Partition is a sensitive subject for any state and in Bengal, which has witnessed partition of its territory more than once, it is even more so. There are reasons to believe that BJP has covertly encouraged and possibly funded the Gorkhaland agitation. But BJP in West Bengal will oppose it tooth and nail due to fear of losing popular support in the rest of the state.

Mamata Banerjee is not given sufficient credit for restoring and maintaining peace in Darjeeling Hills for five years and more since 2011. Whether she made a mistake by trying to expand her own party’s influence to the hills, contest municipal elections and even wrest one of the municipalities is also debatable. If BJP can align with GJM and win the solitary Lok Sabha seat of Darjeeling, on what ground can one object to All India Trinamool Congress (AITC) contesting the municipal election in the hills? Yet, several political observers seem to suggest that this decision of hers made the GJM leadership so insecure that they were forced to rake up the old demand for statehood.

She can, however, be faulted for not doing enough, or doing little, to integrate the people in the hills with the people in the plains. Like the earlier Left Front government, her government too appears to have made the mistake of taking the Nepali speaking people in the hills for granted, thinking that they would remain content while serving as coolies, porters, taxi drivers, waiters, cooks and watchmen or as policemen and soldiers in the army.

In the state capital of Kolkata, one rarely finds a Nepali speaking teacher, doctor, nurse or an accountant for example. Similarly, the percentage of Nepali-speaking people in government offices in the plains is also negligible. When the Gorkhas, therefore, say that they are ethnically, culturally, linguistically very different from the Bengali speaking people of the plains, they are merely stating the obvious.

Why indeed should people in Darjeeling Hills learn Bangla language when no Bengali cares to learn Nepali?
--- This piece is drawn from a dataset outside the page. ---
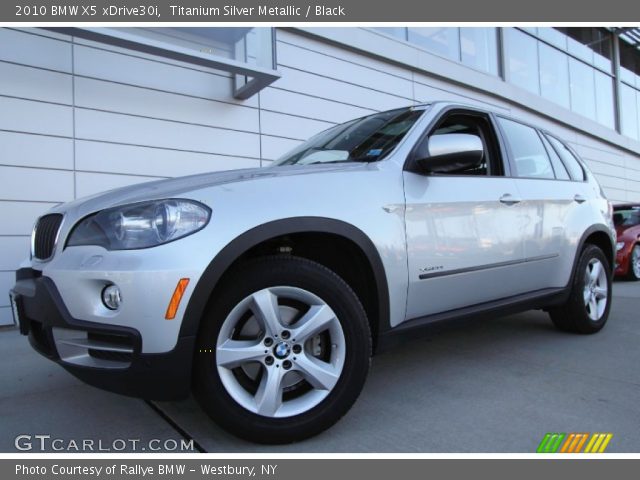 2010 BMW X5 xDrive30i in Titanium Silver Metallic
While the state government has clarified that Bangla will not be compulsorily taught on Darjeeling Hills, this decision continues to be cited as the final straw for demanding a separate state.
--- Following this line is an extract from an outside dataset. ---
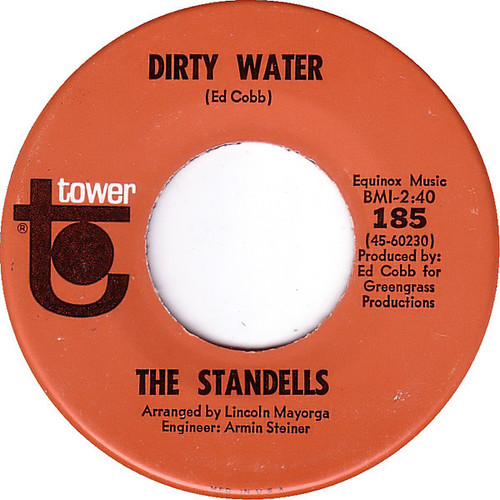 The Standells - Dirty Water (7", Single, Mono, Scr)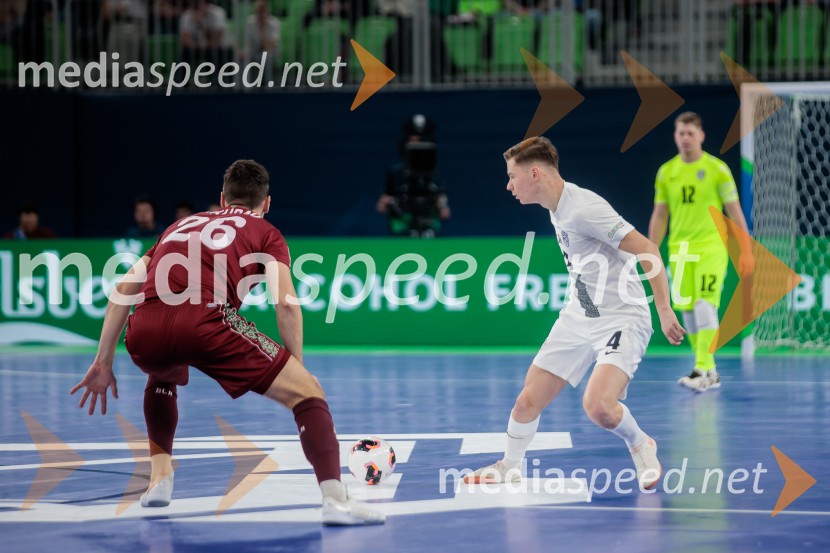 UEFA Futsal Euro 2026: potekala tekma med Slovenijo in Belorusijo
Arguably once again, there is a strong case for Gorkhas learning Bangla and for Bengalis learning Nepali, at least for a few years in school. The highest number of tourists visiting Darjeeling Hills being Bengali speaking, it makes sense for the people there to learn Bangla. For similar reasons, one would think, it should be perfectly normal for West Bengal to make Nepali a compulsory language to be learnt for two or three years in school.

The Centre can scarcely get away by putting the onus on the state government, plead that law and order is state subject and wash its hands. Indeed the BJP government at the Centre can help in ending the stalemate in no time. All that it needs to do is to convey to the GJM that the time is not ripe for initiating talks on Gorkhaland and that it should bide its time. When sustained unrest in the Kashmir valley have failed to move the Indian state, what chance do Gorkhas have of having their way with violence? The Centre indeed would be well advised to desist from playing with fire and mishandling Gorkhaland as it has done with Kashmir. At the same time, it should convey to Mamata Banerjee a list of steps she needs to take to give GJM a face saver.

Banerjee is right in saying that no government worth its name can allow itself to be held hostage at gun-point. Isn’t it the same argument that BJP makes in Kashmir? No government will put up with violence or threats of violence. And the least the GJM can do is to walk half the mile and commit itself to scale down the rhetoric, shun violence and reach out for a dialogue.